--- Data for analysis Enclosed Below ---

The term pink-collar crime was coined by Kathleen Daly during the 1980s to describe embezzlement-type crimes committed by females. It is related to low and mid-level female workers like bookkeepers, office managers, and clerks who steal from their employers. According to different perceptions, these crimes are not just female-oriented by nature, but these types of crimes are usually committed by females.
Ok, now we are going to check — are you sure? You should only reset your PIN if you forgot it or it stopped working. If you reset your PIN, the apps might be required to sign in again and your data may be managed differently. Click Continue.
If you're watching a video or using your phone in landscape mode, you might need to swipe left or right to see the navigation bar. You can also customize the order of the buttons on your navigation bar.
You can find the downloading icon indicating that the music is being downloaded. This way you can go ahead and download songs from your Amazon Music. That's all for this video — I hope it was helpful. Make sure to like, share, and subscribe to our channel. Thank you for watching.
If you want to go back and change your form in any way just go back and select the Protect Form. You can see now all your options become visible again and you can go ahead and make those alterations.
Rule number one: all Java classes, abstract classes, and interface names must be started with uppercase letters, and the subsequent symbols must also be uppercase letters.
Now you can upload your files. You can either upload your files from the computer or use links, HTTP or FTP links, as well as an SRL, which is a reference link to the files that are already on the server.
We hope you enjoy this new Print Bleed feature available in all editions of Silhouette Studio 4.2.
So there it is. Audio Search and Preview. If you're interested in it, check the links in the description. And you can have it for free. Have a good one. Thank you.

--- End of Enclosed Data for analysis ---
--- Data for analysis Enclosed Below ---

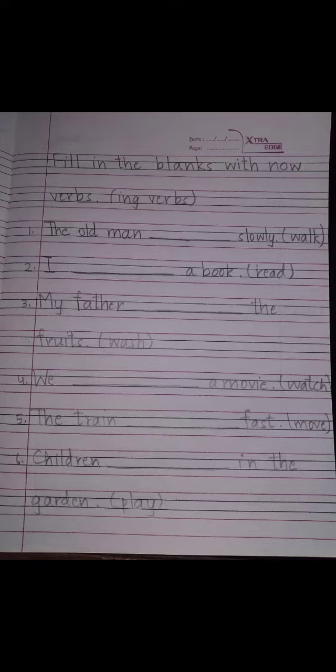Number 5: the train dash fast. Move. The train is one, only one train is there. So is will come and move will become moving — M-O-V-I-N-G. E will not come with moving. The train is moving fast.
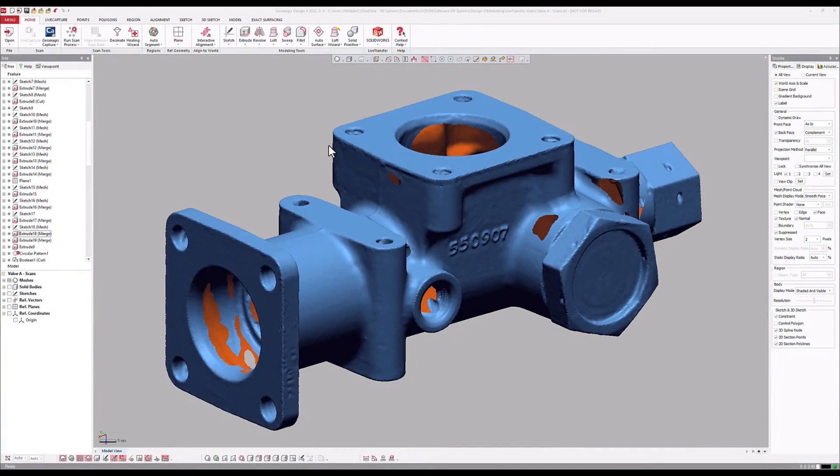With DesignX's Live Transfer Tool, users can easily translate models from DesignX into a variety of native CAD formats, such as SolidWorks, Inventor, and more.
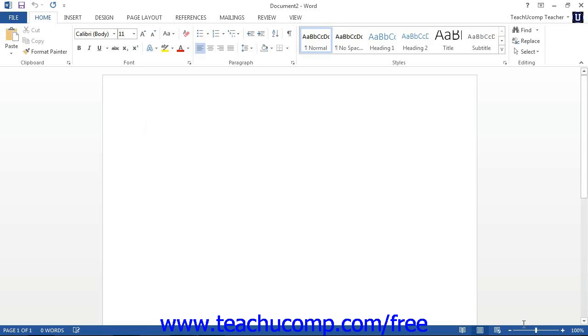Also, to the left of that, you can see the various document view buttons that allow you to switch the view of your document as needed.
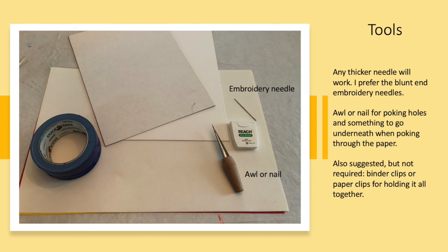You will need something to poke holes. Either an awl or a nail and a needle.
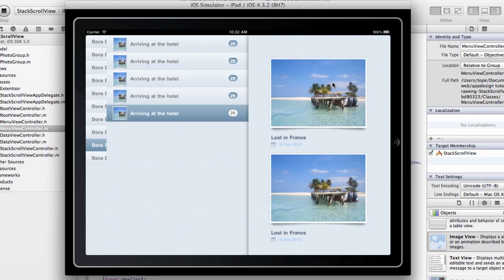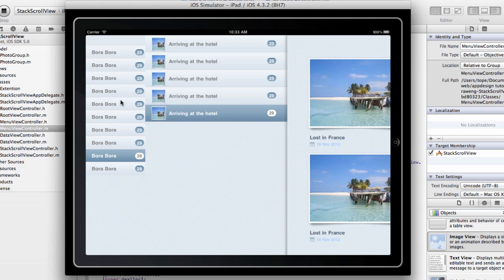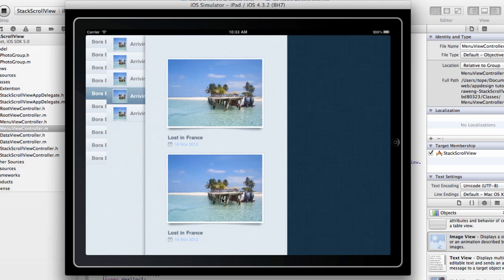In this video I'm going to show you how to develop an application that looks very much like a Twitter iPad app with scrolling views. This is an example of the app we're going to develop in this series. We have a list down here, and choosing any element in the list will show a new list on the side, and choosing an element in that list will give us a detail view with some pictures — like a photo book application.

--- End of Enclosed Data for analysis ---
--- Data for analysis Enclosed Below ---

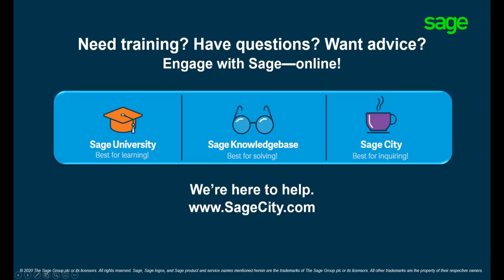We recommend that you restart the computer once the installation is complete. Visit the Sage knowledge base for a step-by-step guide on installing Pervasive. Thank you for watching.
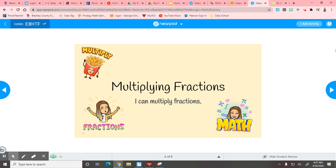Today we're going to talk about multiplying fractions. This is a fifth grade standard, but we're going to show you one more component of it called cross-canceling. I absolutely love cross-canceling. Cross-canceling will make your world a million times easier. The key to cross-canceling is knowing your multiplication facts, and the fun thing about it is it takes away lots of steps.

--- End of Enclosed Data for analysis ---

Required action:
In the entries above, the lines from the one bearing "You can find" up to and including the one bearing "If you want" should be transcribed exactly; no other line is wanted.

Answer to the exercise:
You can find the downloading icon indicating that the music is being downloaded. This way you can go ahead and download songs from your Amazon Music. That's all for this video — I hope it was helpful. Make sure to like, share, and subscribe to our channel. Thank you for watching.
If you want to go back and change your form in any way just go back and select the Protect Form. You can see now all your options become visible again and you can go ahead and make those alterations.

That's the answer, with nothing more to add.